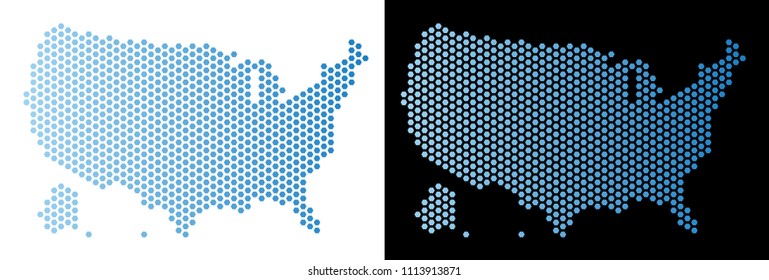 Honeycomb USA with Alaska map. Vector geographic plan in light blue color with horizontal gradient on white and black backgrounds.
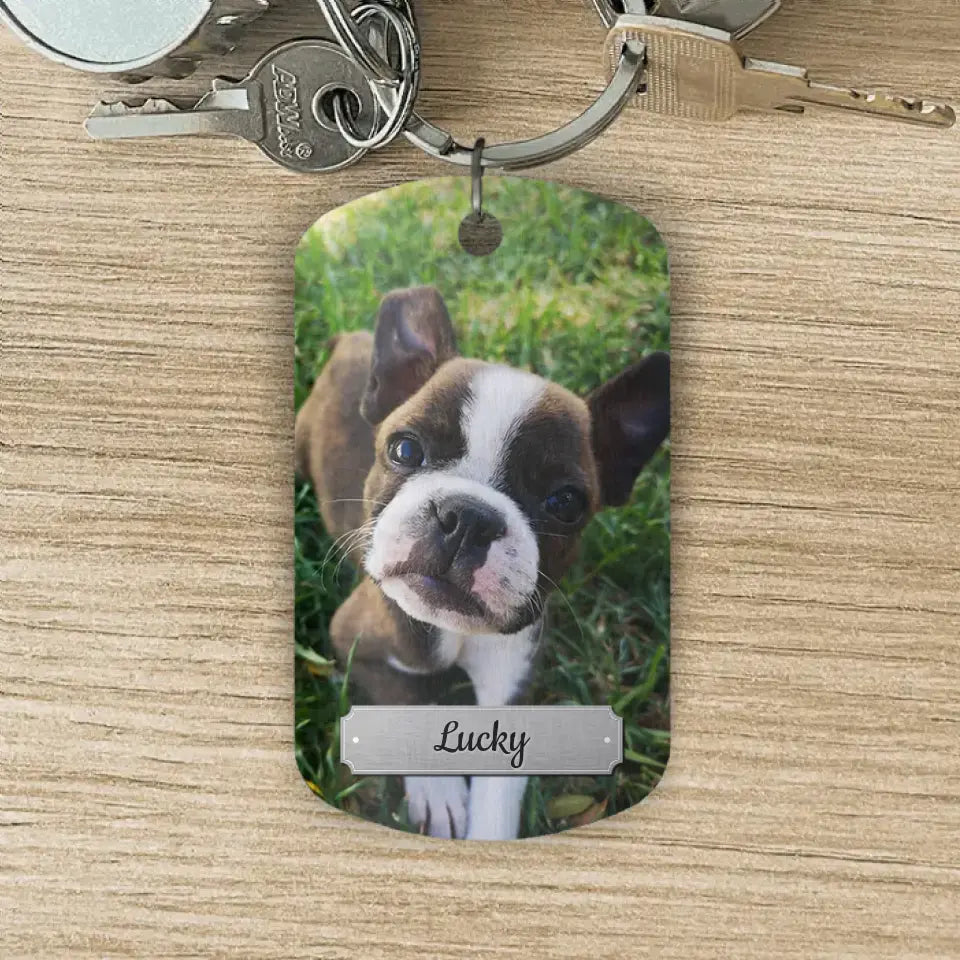 Double Photo - Personalised Dog Tag Keychain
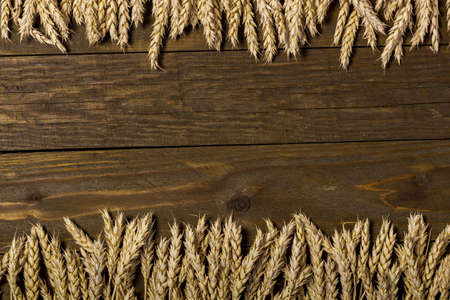 arrangement of wheat ears on the table for design with copy spaceの写真素材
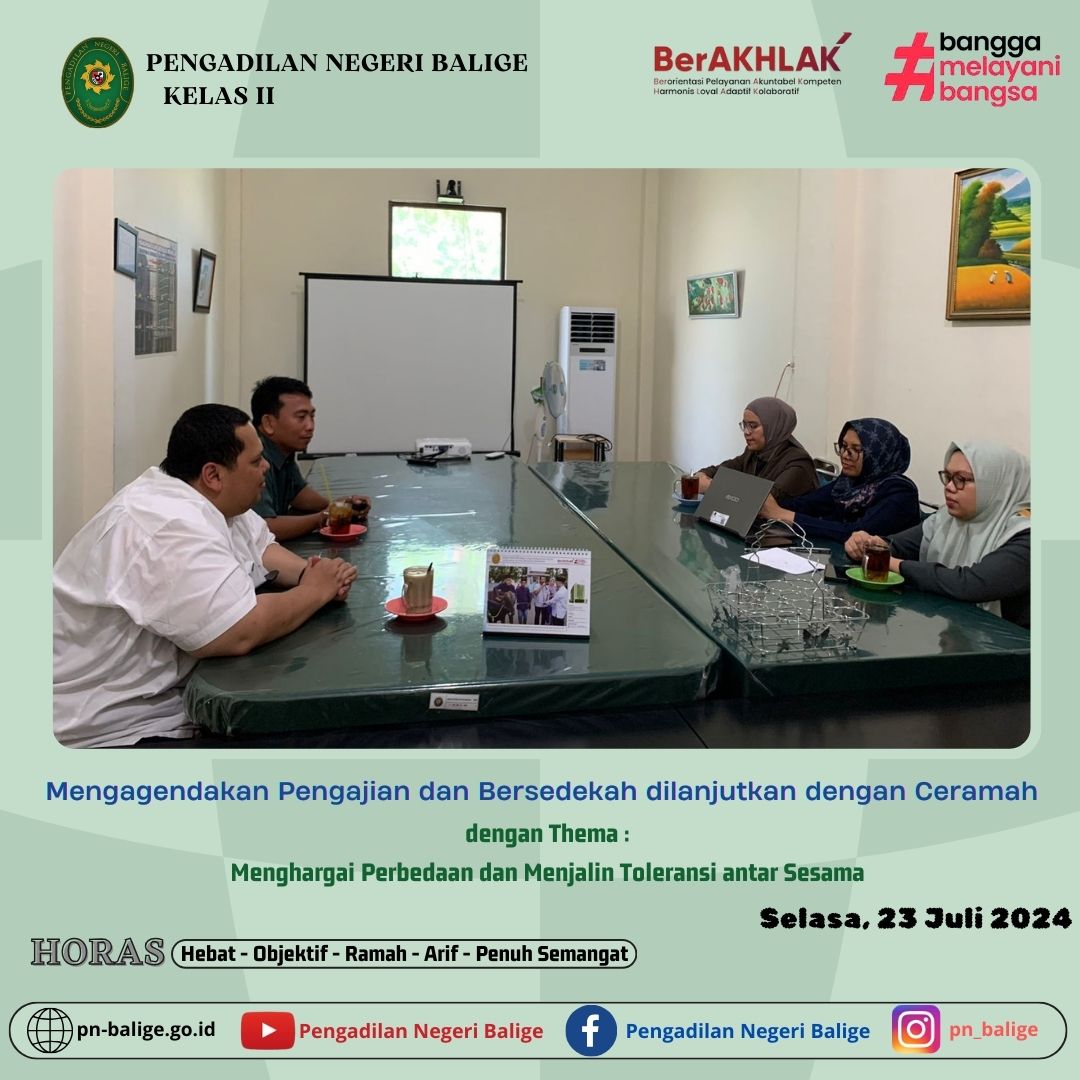 Kegiatan Mengagendakan Pengajian dan Bersedekah dilanjutkan dengan Ceramah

**Goal of the exercise**
Output everything in the material exactly. Pictures stay out of it.

**Response for this exercise**
 Honeycomb USA with Alaska map. Vector geographic plan in light blue color with horizontal gradient on white and black backgrounds.
 Double Photo - Personalised Dog Tag Keychain
 arrangement of wheat ears on the table for design with copy spaceの写真素材
 Kegiatan Mengagendakan Pengajian dan Bersedekah dilanjutkan dengan Ceramah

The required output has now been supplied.